## Source records
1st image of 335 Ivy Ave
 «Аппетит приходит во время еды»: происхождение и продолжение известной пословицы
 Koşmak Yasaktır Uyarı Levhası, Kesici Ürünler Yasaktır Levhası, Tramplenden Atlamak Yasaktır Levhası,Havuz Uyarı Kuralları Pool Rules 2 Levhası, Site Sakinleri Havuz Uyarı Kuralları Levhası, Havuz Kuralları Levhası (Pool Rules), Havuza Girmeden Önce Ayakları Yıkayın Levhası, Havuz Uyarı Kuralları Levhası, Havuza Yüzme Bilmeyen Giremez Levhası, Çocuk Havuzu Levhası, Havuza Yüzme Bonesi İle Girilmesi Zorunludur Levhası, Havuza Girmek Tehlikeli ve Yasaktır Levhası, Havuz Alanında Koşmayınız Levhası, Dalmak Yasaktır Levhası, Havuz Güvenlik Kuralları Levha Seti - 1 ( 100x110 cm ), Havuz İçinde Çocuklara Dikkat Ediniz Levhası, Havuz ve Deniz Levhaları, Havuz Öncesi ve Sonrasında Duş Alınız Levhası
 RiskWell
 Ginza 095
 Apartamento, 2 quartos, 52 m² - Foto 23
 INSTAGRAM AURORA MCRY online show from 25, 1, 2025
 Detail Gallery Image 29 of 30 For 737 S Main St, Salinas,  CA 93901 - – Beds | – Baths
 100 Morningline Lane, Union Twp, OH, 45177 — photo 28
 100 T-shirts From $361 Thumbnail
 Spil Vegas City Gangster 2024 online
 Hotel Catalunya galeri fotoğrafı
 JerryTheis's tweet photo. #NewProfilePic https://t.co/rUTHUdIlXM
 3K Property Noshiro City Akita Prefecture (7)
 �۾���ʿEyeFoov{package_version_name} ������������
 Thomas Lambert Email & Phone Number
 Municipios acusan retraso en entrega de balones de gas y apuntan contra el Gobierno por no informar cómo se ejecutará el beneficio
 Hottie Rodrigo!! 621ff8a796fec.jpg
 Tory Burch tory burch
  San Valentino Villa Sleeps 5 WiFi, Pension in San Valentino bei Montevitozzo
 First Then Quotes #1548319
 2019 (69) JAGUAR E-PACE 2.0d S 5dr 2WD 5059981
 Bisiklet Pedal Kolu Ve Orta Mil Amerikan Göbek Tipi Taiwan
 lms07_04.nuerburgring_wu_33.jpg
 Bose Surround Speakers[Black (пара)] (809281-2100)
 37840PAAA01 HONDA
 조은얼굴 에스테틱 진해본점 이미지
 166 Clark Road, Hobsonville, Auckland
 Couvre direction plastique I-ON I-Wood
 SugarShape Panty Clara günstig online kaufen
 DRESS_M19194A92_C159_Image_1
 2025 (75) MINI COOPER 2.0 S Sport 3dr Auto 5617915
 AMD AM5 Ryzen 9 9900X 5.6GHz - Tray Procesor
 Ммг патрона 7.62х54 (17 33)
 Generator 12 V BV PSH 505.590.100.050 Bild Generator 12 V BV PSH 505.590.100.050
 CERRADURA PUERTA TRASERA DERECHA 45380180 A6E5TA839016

## Your objective
Every line from the line containing "3K Property Noshiro" through the line containing "166 Clark Road, Hobsonville, Auckland" in the records above must be retyped exactly. Leave out the rest.

## Exercise solution
 3K Property Noshiro City Akita Prefecture (7)
 �۾���ʿEyeFoov{package_version_name} ������������
 Thomas Lambert Email & Phone Number
 Municipios acusan retraso en entrega de balones de gas y apuntan contra el Gobierno por no informar cómo se ejecutará el beneficio
 Hottie Rodrigo!! 621ff8a796fec.jpg
 Tory Burch tory burch
  San Valentino Villa Sleeps 5 WiFi, Pension in San Valentino bei Montevitozzo
 First Then Quotes #1548319
 2019 (69) JAGUAR E-PACE 2.0d S 5dr 2WD 5059981
 Bisiklet Pedal Kolu Ve Orta Mil Amerikan Göbek Tipi Taiwan
 lms07_04.nuerburgring_wu_33.jpg
 Bose Surround Speakers[Black (пара)] (809281-2100)
 37840PAAA01 HONDA
 조은얼굴 에스테틱 진해본점 이미지
 166 Clark Road, Hobsonville, Auckland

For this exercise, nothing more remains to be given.